An increase in Income Tax Rate affects the Break-Even Point
An increase in the income tax rate does not affect the breakeven point. Operating income at the breakeven point is zero, and no income taxes are paid at this point.
The break-even point represents the level of sales revenue that equals the total of the variable and fixed costs for a given volume of output at a particular capacity use rate. Break-even point is that level of operation at which sales revenues for a period are equal to the costs assigned to that period. As a result, there is no net profit or loss. Break-even chart is a graph that shows the relationships among sales, volume, cost and net profit or loss. Contribution margin calculations emphasize the distinction between fixed and variable costs.

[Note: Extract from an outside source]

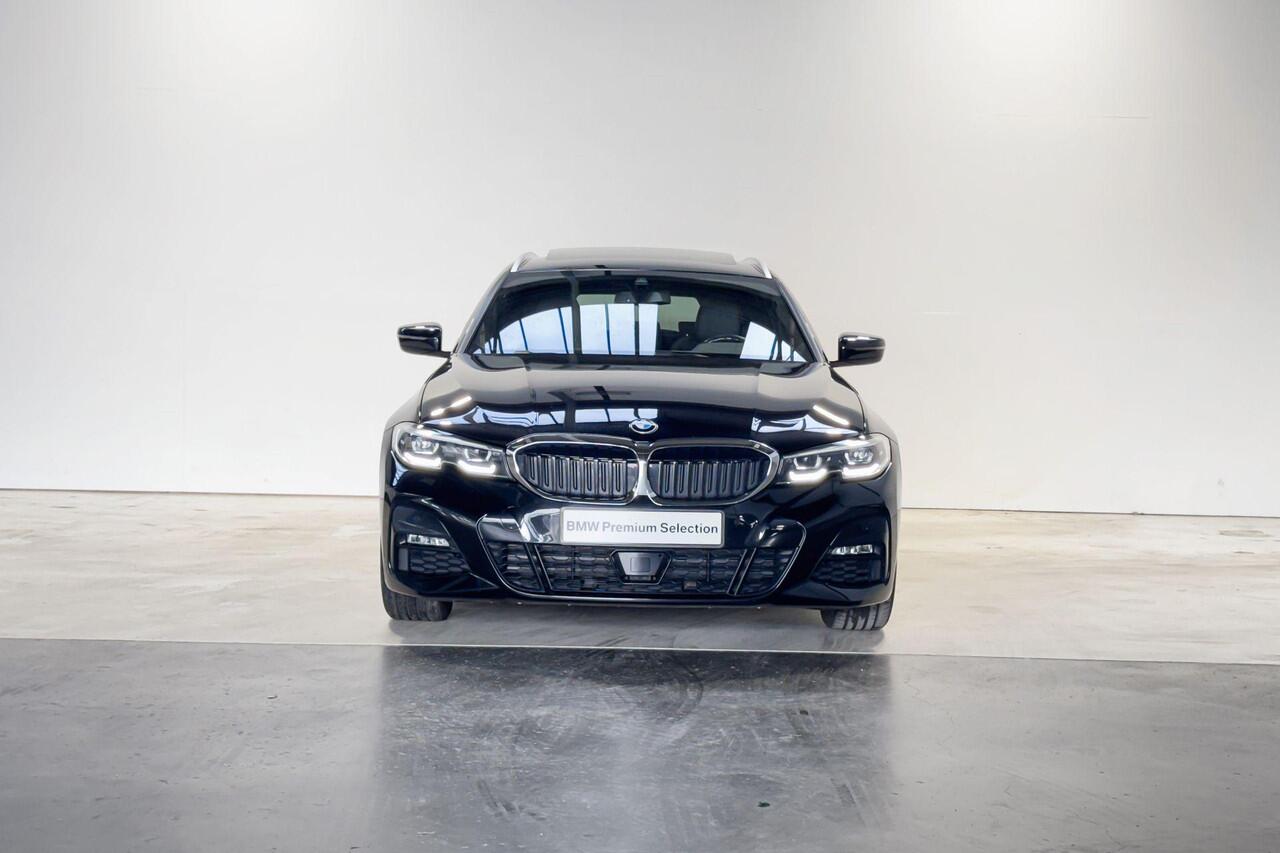 BMW 3-SERIE Touring 330i High Executive Edition Model M Sport Aut.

Hence, the contribution margin is a more useful concept than gross margin in CVP analysis.
For example, one might want to ask the break-even occupancy rate (or vacancy rate) for a hotel or the break-even load rate for an airliner.

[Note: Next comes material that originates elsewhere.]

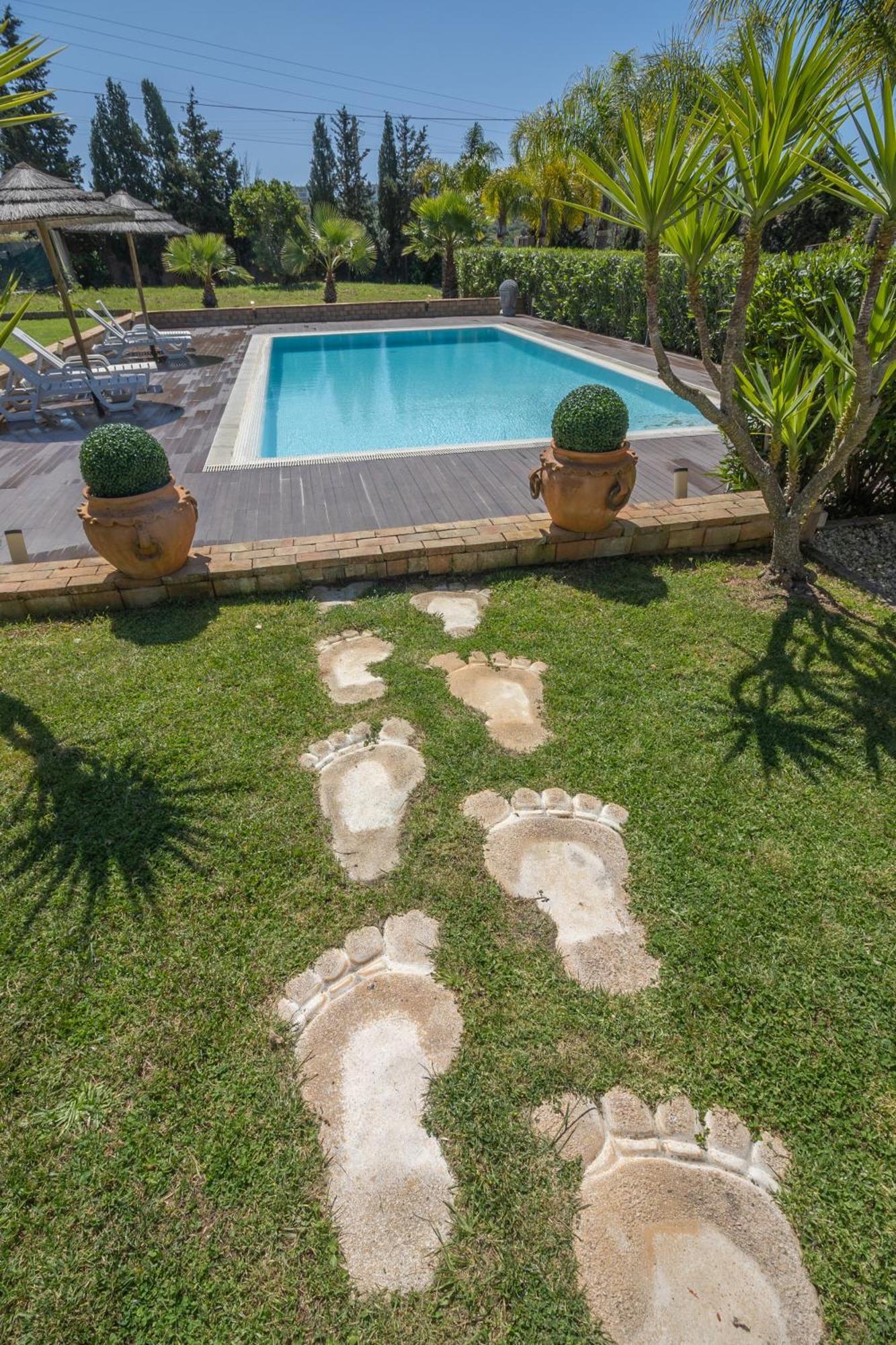 Quinta Gomes Villa Lagos Kültér fotó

An apparent loss may be the result of allocated common costs or of sunk costs that cannot be avoided if the product is dropped. A product should be discontinued only if the contribution margin that will be lost as a result of dropping the product is less than the fixed costs that would be avoided. Even in that situation, the product may be retained if it promotes the sale of other products. There are several reasons why a company’s break-even point will increase. One reason is an increase in the company’s fixed costs, such as rent, depreciation, salaries of managers and executives, etc.